5. Mainz Finthen - eighth place, behind seven Porsche 935's, including "Moby Dick"

6. Two rounds of competition skipped

7. Hockenheim - Celica retires after a seventh-round accident

8. Zolder 2. round - Celica quits in the first round

Due to disappointing results, it was decided that the team would not participate in the remaining two rounds of DRM, and Toyota's collaboration with Schnitzer Motorsport was suspended. After that season, the German constructors devoted themselves completely to BMW cars, which has brought them much greater successes, which are still lower today.

In 1979, a copy of Celica LB was imported into Japan by TOM'S (Tachi Oiwa Motor Sports), Toyota's official tuning company. The car was given a new chance by participating in the Fuji Super Silhouette Series competition in which JDM models would compete.

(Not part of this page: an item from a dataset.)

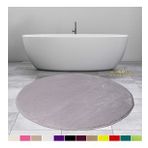 Bonny Home 100x100 cm Elite Gri Yuvarlak Peluş Kaymaz Taban Pufidik Banyo Halısı
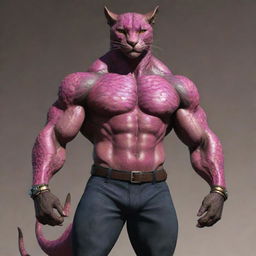 A muscular, full-bodied tabaxi with patches of vibrant pink reptile scales interspersed across his body. He is dressed in simple pants.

Nobuhide founder Tachi, riding Celica, managed to complete only one of the five rounds of the competition, which he even managed to win. The car was soon replaced by a new RA40 Celica designed by Dome and sold in 1981 by a Japanese-German racer.

The new owner, the Trust.Co racing team (known by the GReedy brand), has competed with Schnitzer Celica (painted white) in several competitions without significant results. Japanese motorists Kaoru Hoshino, and Tatsuhiko Kaneumi, followed several times in the top eight on Fuji and Tsukuba.

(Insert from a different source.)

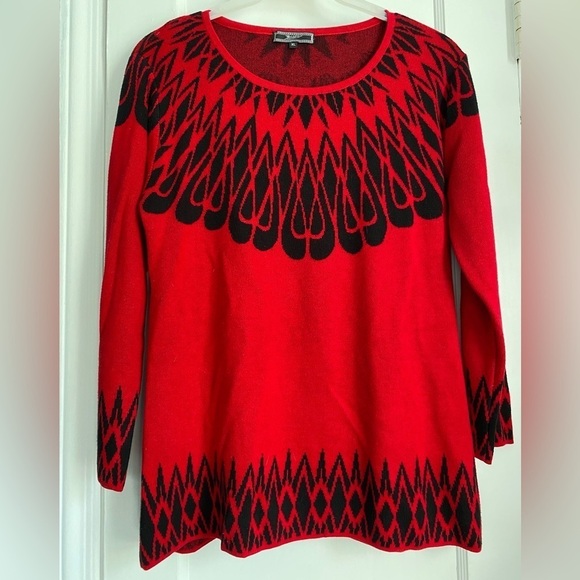 Red & Black Fair Isle Pattern Pullover Crewneck Long Sleeves Sweater, Sz: XL - Picture 2 of 9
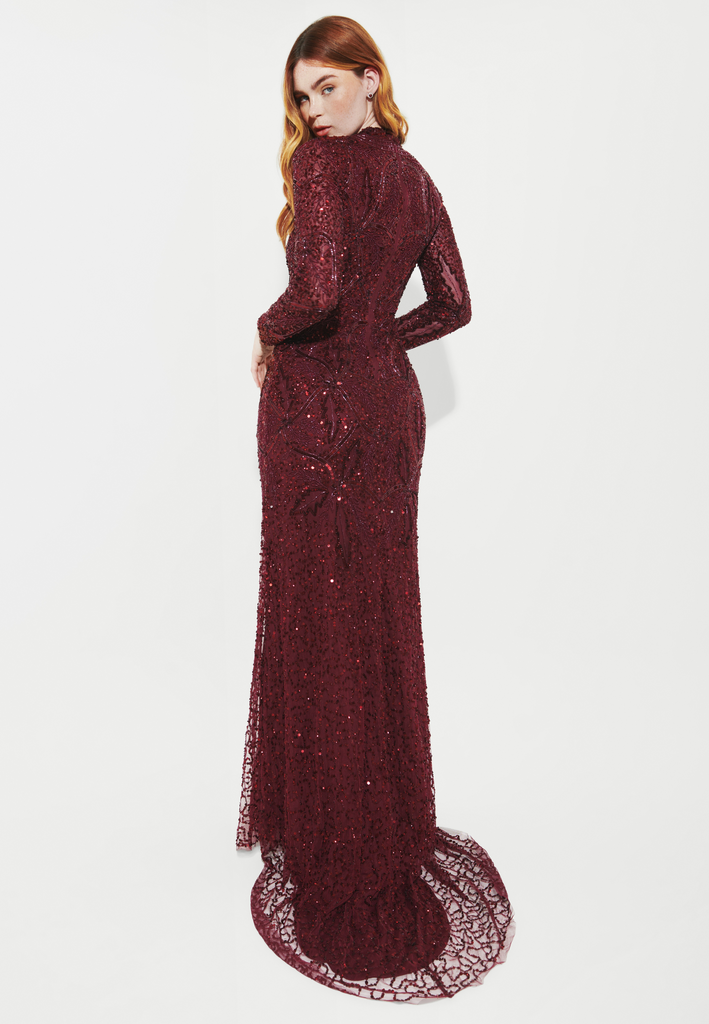 ZEINA MODEST EMBELLISHED SEQUINS MAXI DRESS | MTZ240406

The aging Toyota was completely withdrawn from the competition when the Trust team acquired the all-new Porsche 956, and shortly after, in 1984, the entire Silhouette car racing series was discontinued.

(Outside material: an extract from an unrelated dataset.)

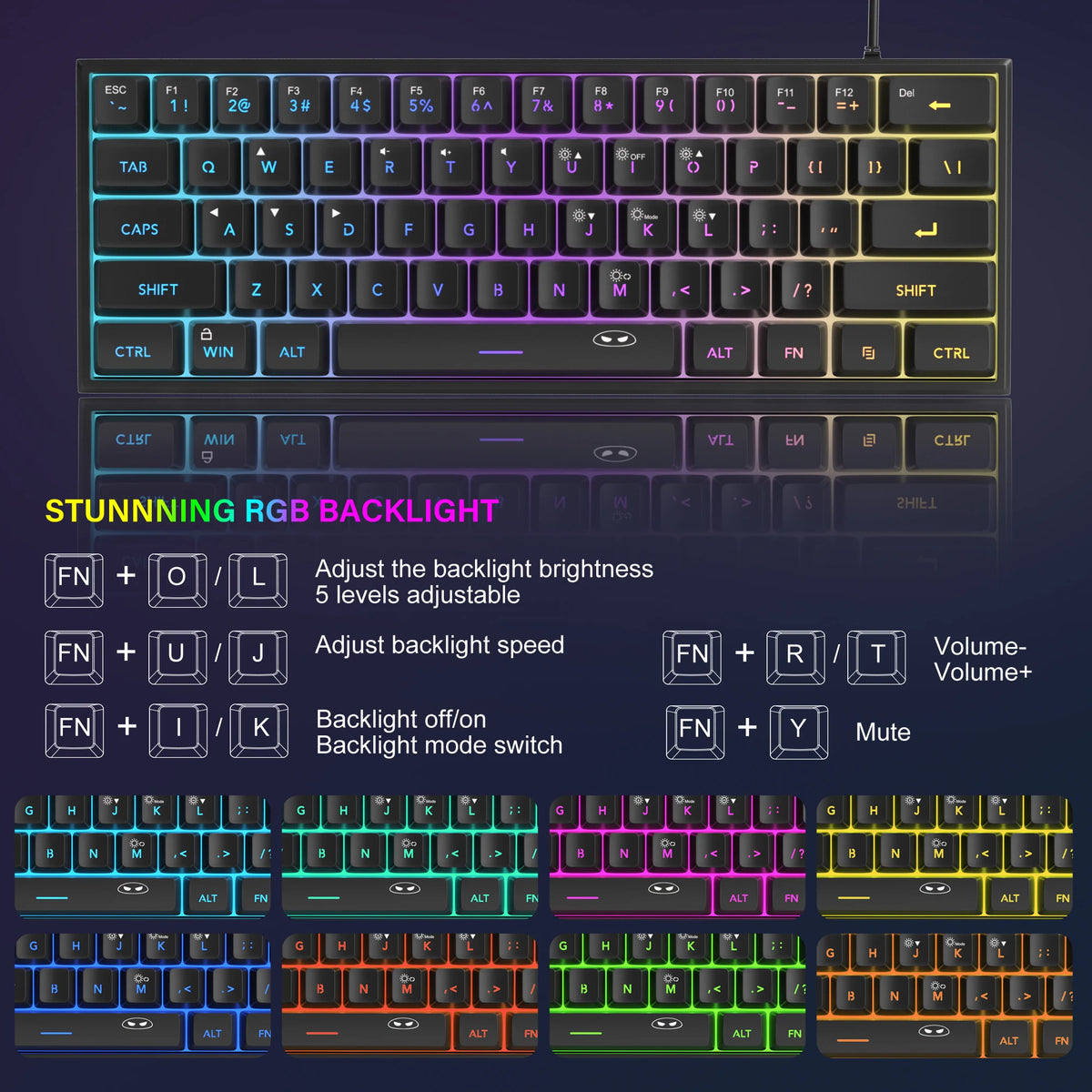 MageGee Mini 60% Compact Gaming Keyboard — RGB, 61 Keys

Very little is known about the two LB Turbo Cells since that time, with the last twin encounter dating back to 1978. The contestant, who moved to Japan, was spotted in 2000 on a scrap heap there, in neglected condition, with faded Trust Team insignia.

We sincerely hope that someone will domesticate a car that once fought against European giants.

The fate of another sister is much better for comfort. Immediately after being excluded from DRM, it was purchased by a then-Toyota dealer for Germany. To this day it is in his possession, in an unrestored condition, as part of a collection of more than 70 classic Japanese-made models.

In order for the story to get a slightly happier ending and a historical injustice corrected, we will tell you a few more facts about the Japanese-German runner. Despite its failure on the tracks, due to its dramatic design, Celica LB Turbo gained great popularity among model and toy lovers. Tamiya Companies, Bburago and many others have produced replicas of 1:12, 1:18, 1:24 and 1:64 for many years. Their price is increasing, especially those from the period when the real model was active in racing.

The great legacy that Schnitzer Celica and other Silhouette racers have left to modern generations is embodied in the Bosozok style of car modification. Robust bumper kits, colossal fender extensions, oversized spoilers, and striking patterns are the epitome of Japanese enthusiasts for former Group 5 heroes.